§ **Directions**
All of the data that follows should be retyped exactly, please, except the pictures.

§ **Source material**
= = = = =
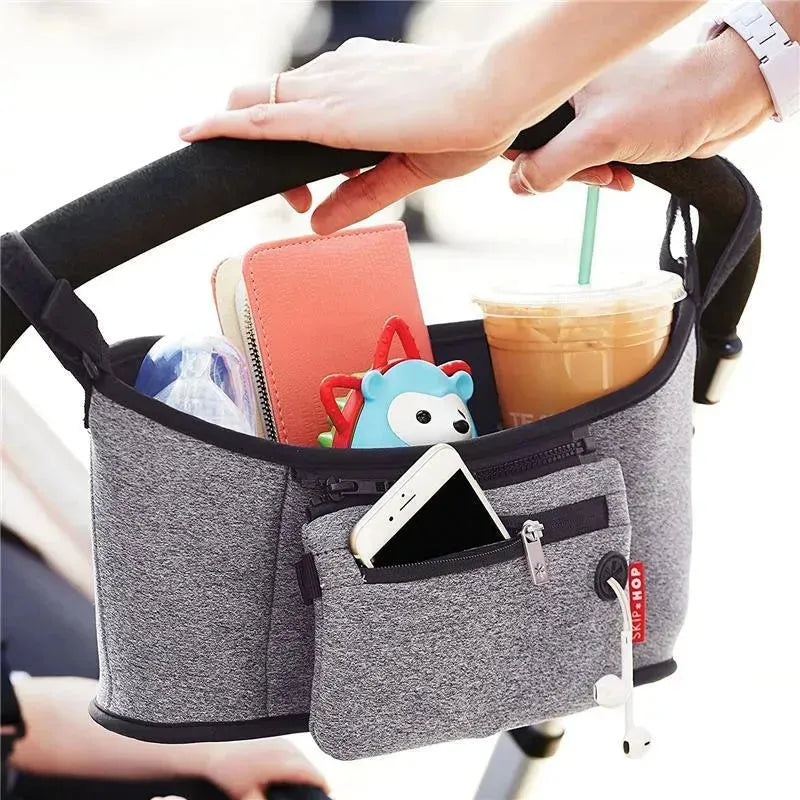 Skip Hop Grab & Go Stroller Organizer, Heather Grey Image 9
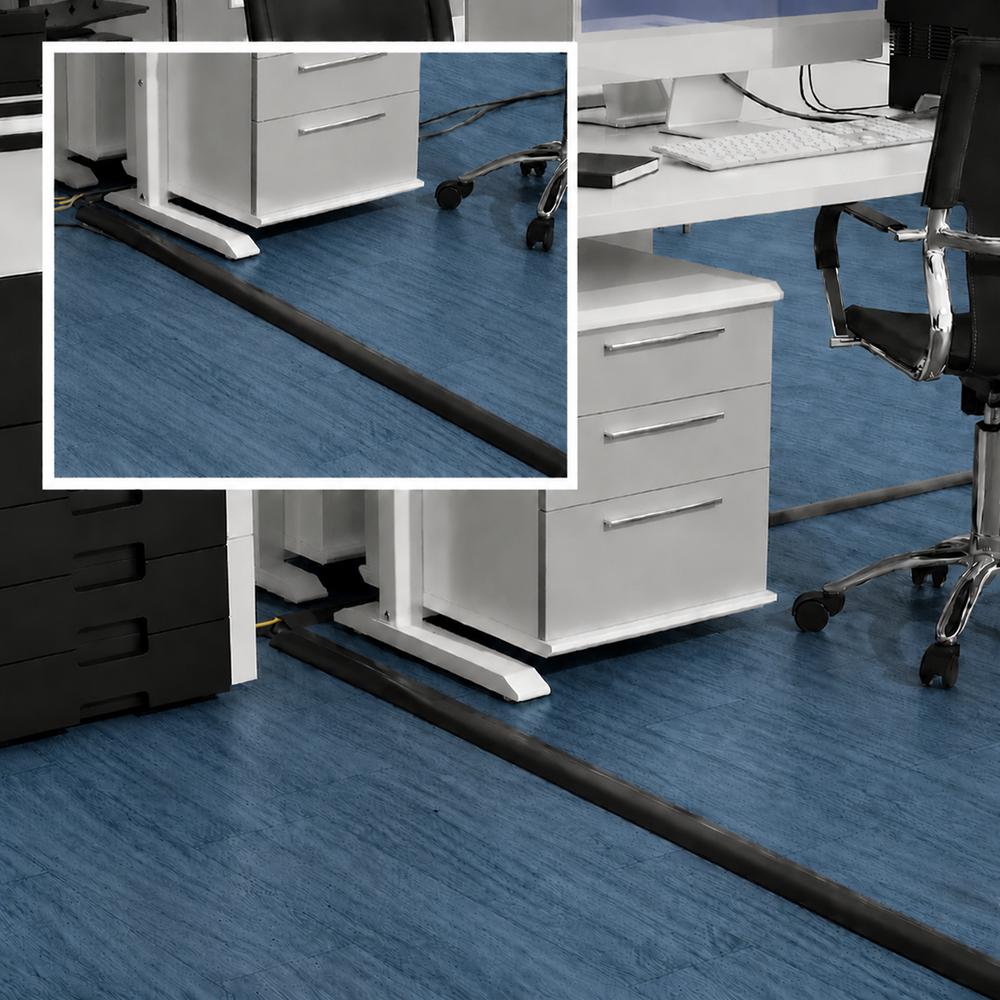 TIESELX Heavy-Duty Floor Cord Cover – Non-Slip PVC Cable Protector Ramp - Image 14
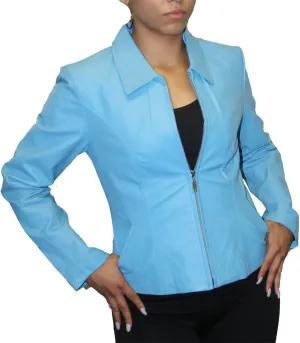 Women Genuine Soft napa Leather Short Fitted Waist Zipper Closure Leather Jacket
= = = = =
§ **Solution for this problem**
 Skip Hop Grab & Go Stroller Organizer, Heather Grey Image 9
 TIESELX Heavy-Duty Floor Cord Cover – Non-Slip PVC Cable Protector Ramp - Image 14
 Women Genuine Soft napa Leather Short Fitted Waist Zipper Closure Leather Jacket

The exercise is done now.